Christ's Descent into Limbo (c. 1470) - Andrea Mantegna

Christ’s Descent into Limbo (c. 1470) – Andrea Mantegna

Like King Charles’ head, Friedrich Nietzsche is always intruding in Thomas Mann’s Doctor Faustus. Nietzsche functions as a talisman in Doctor Faustus, a deeply Romantic novel suffused with parodic twists. A talisman acts as a battery for some type of force or energy, or what David Winters  describes as ‘a charm that we clasp to our hearts’. At risk of overextending the metaphor, that’s not a bad description of how I feel about Mann’s Doctor Faustus, which has rarely left my side for the last month.

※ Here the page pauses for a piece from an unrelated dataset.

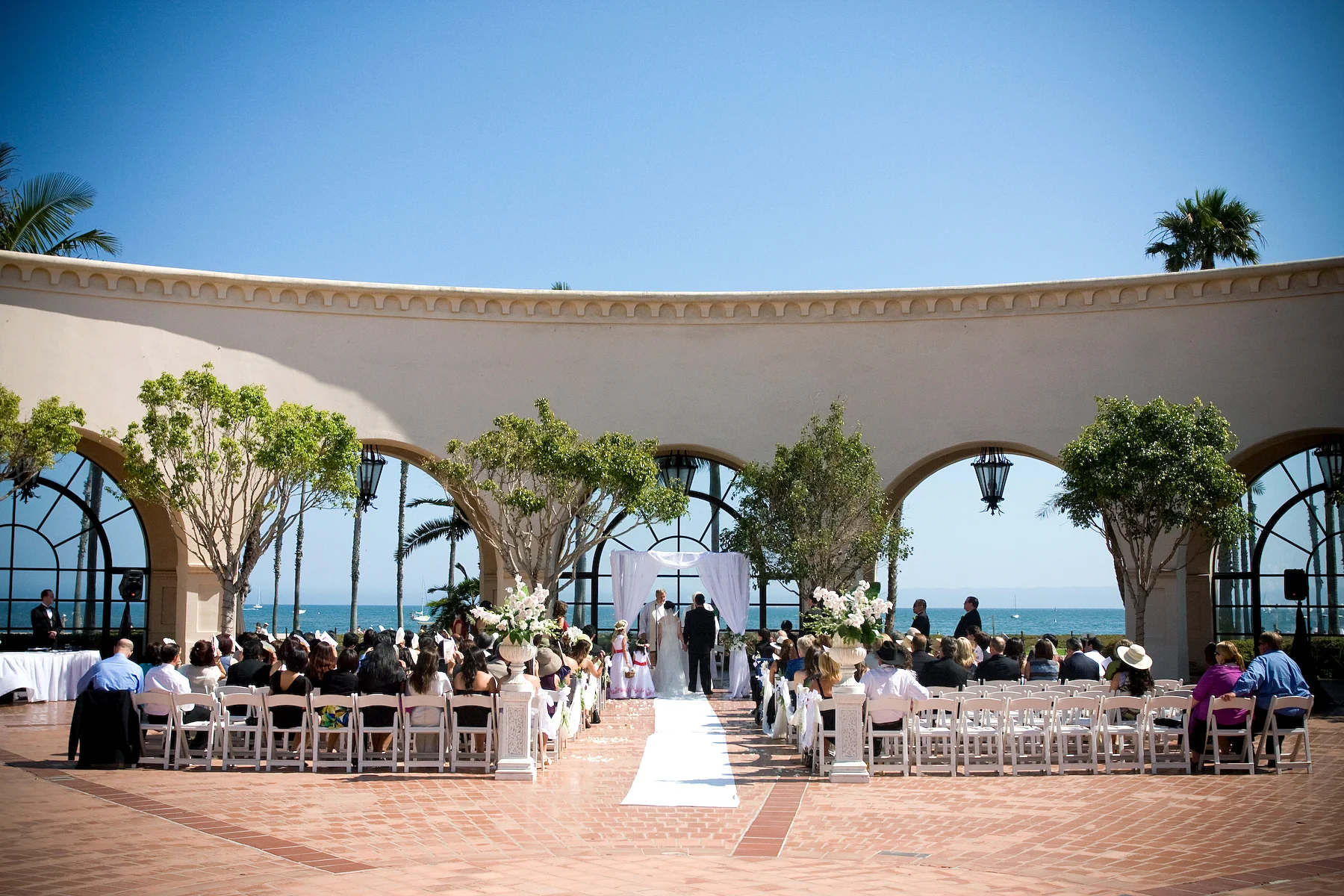 www.santabarbarawedding.com | Hilton Santa Barbara Beachfront Resort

‘Recognition,’ writes Rita Felski, ‘comes without guarantees; it takes place in the messy and mundane world of human action, not divine revelation.’ Doctor Faustus is by no means a perfect novel (whatever that might resemble). Its narrative frequently drags, sometimes almost intolerably. But there is also a deep intoxication at being absorbed in a novel that reveals, or at least tries to reveal, the rhythm of life.

As I read the last few highly charged chapters, set aside the finished book, and spent an hour gazing into the woods, I sense almost imperceptibly that my perspective is altered. The very best of fiction has this talismanic effect. Doctor Faustus, like Mann’s The Magic Mountain is one of the most intense, powerful reading experiences of my life. I am thrilled that it is over. I am mourning that it is over.

Doctor Faustus (Still)

This is the end of my third week with Thomas Mann’s Doctor Faustus. The week’s reading included Adrian Leverkühn’s pivotal conversation with Diabolus (or whichever nickname you’d prefer), in which the Devil offers Leverkühn a form of artistic genius, a breakthrough to art beyond parody. It is a terrific scene, contradicting those readers who expect Mann’s writing, via translator Helen Lowe-Porter, to be stuffy. This is a novel of ideas, crammed with German philosophy and musical history, but it is also written with a delicate, polished irony.

Distraction lies all around, and I am fighting the urge to read other things, grabbing snatches here and there of Heaney, Cernuda, Kate Tempest. Powerful though the densely-woven Doctor Faustus is, the dogmatic and bumbling narrator Serenus Zeitblom, Ph.D. is wearing after a few hundred pages. But I persist, drawn along as much by curiosity about the novel’s structural logic as by the need to follow Leverkühn’s fate.